There are significant restraints on police use of violence.  Police kill an average of only 700 people per year in the US.  In every instance there appear to be very thorough investigations into the justification for the violence.  My guess is that arms sales to the police are like arms sales to DOD, subject to intensive lobbying because of the big bucks involved.

Excellent comment!

@bigfatmike

“Of course the weapons are perhaps the least of our worries.  A far greater concern is the erosion of constitutional rights and due process in the name of security.  Even local police forces in the most peaceful communities conduct themselves as though they rule a conquered province.

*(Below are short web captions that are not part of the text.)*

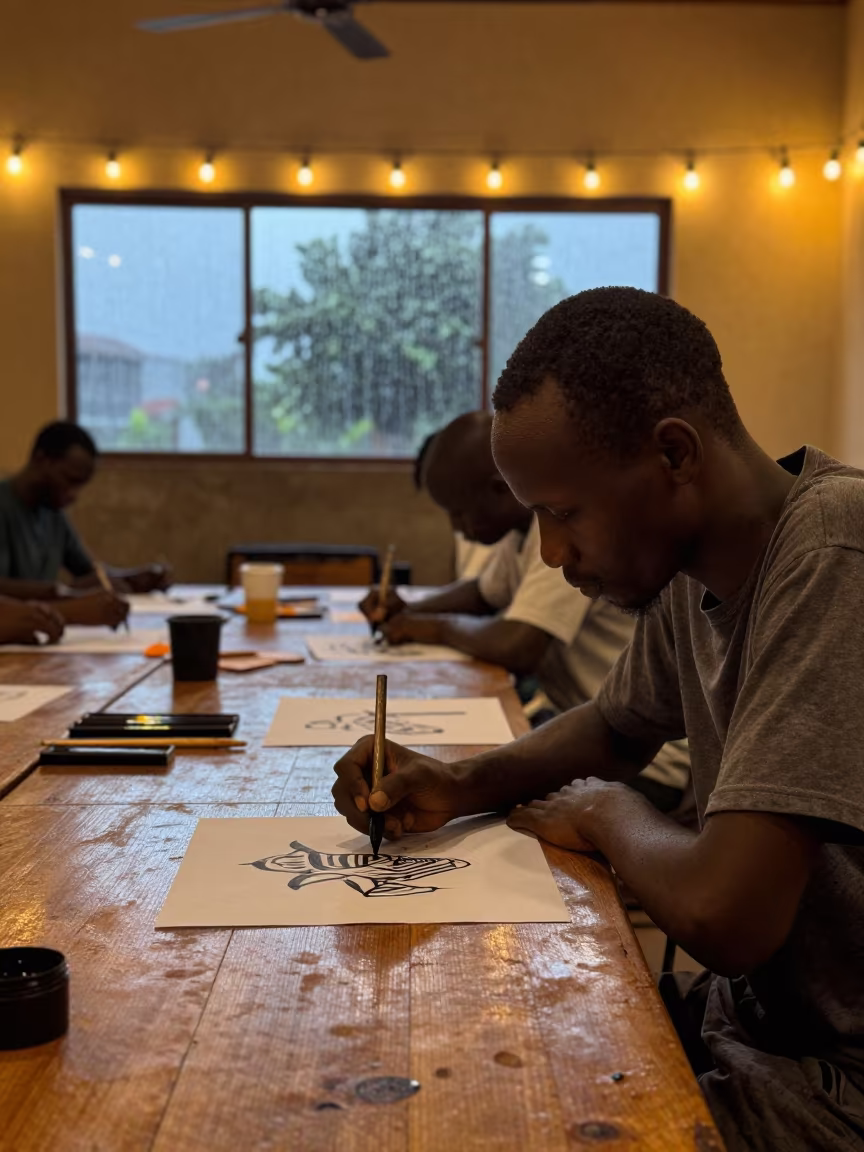Calligrapher Writing Ink Before Dawn in Dar es Salaam in in a rehearsal room in Dar es Salaam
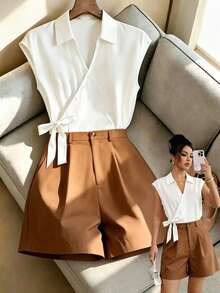 GlowEve CURVE Women's Elegant Summer 2-Piece Set, All White Brown Crossed Neck Tie Waist Shirt Shorts, Casual Vacation Office Brunch Bussines Outfit, Woven Solid - Multicolor - View 8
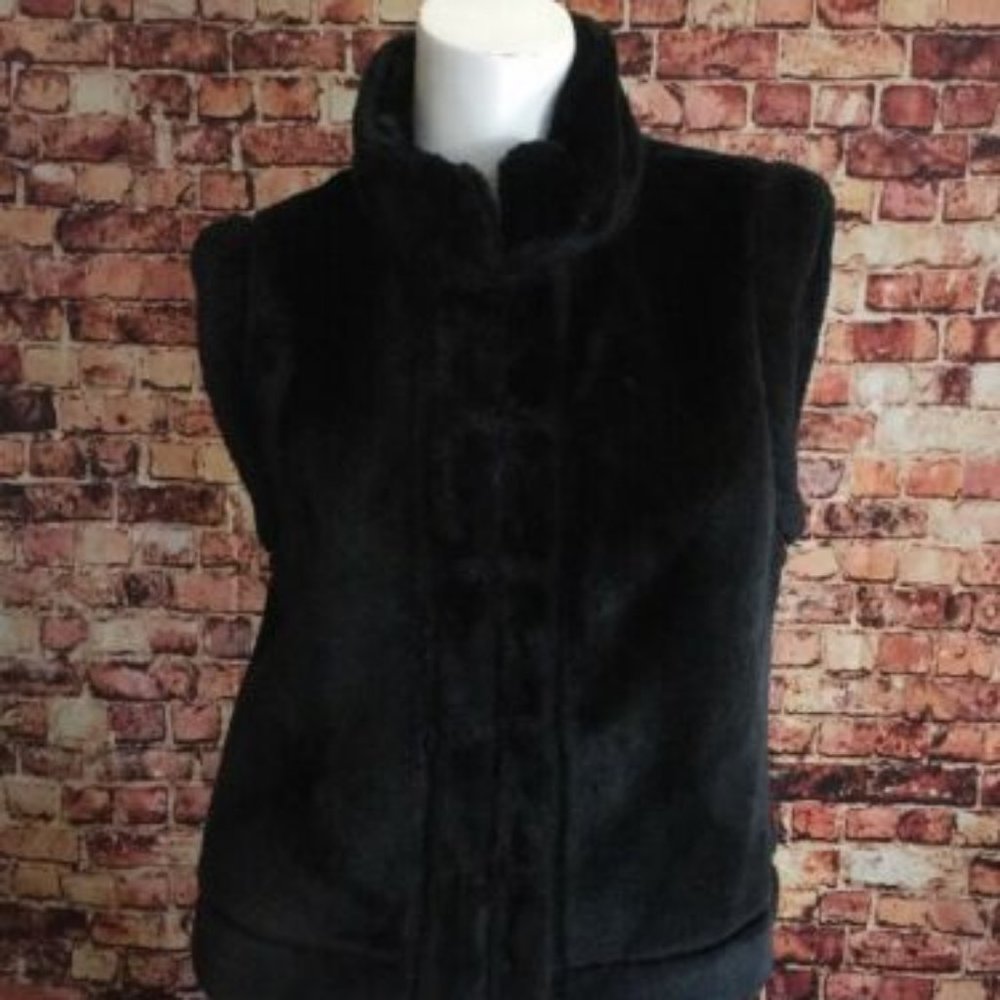 Yansi Fugel Black Faux Fur Vest Jacket Size XS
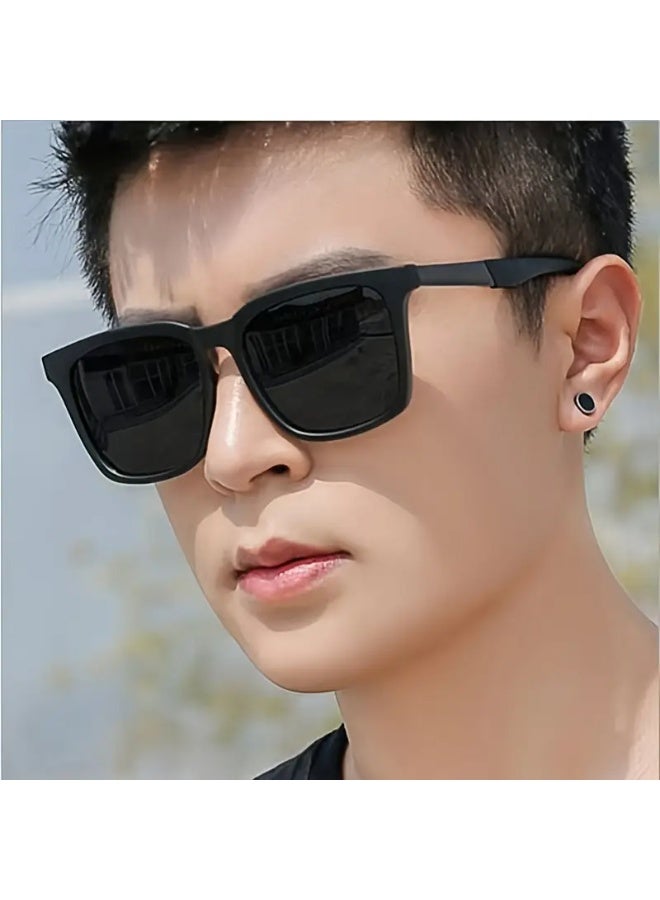 SCENT HOUSE Fashion Square Frame Glasses Retro Style PC Lens and Frame Unisex No Accessories Included Includes Eyeglass Case Sunglasses - Image 1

Standards of conduct for police officers are too important to be left to the myopic view of professional managers.  Local politicians have to exert civilian control over local police forces and require that they adhere to broad community standards.”

Nabil Al-Murabit

May 1, 2012, 7:50 a.m.

Speaking as a former cop of the 3rd largest agency in Los Angeles County, this article is about 50 years too late.  Police departments have long been militarized.  Most police academies are set up like boot camp, most of the terminology is military and most of the people that work that profession have military backgrounds. What has really alarmed me is the news that some police departments are chomping at the bit to implement UAV’s in policing of their cities.

I said years ago when all Police Departments went into the Blue Uniforms that it reminded me of the Schutzstaffel or SS which I am old enough to remember and have know some of Germany’s finest from WW 2. The uniform brought fear to the public in Germany and the Death Camps. It worked. It worked in this Country for a long time also but not so much any more as the thugs just fade into the crowds. One thing I have never understood is the need for Police Departments to have APC’s or Drones. Even in this County the Sheriff’s Dept has an ultra lite air craft for a Deputy to fly around in. Seems like a waste of Tax Payers money.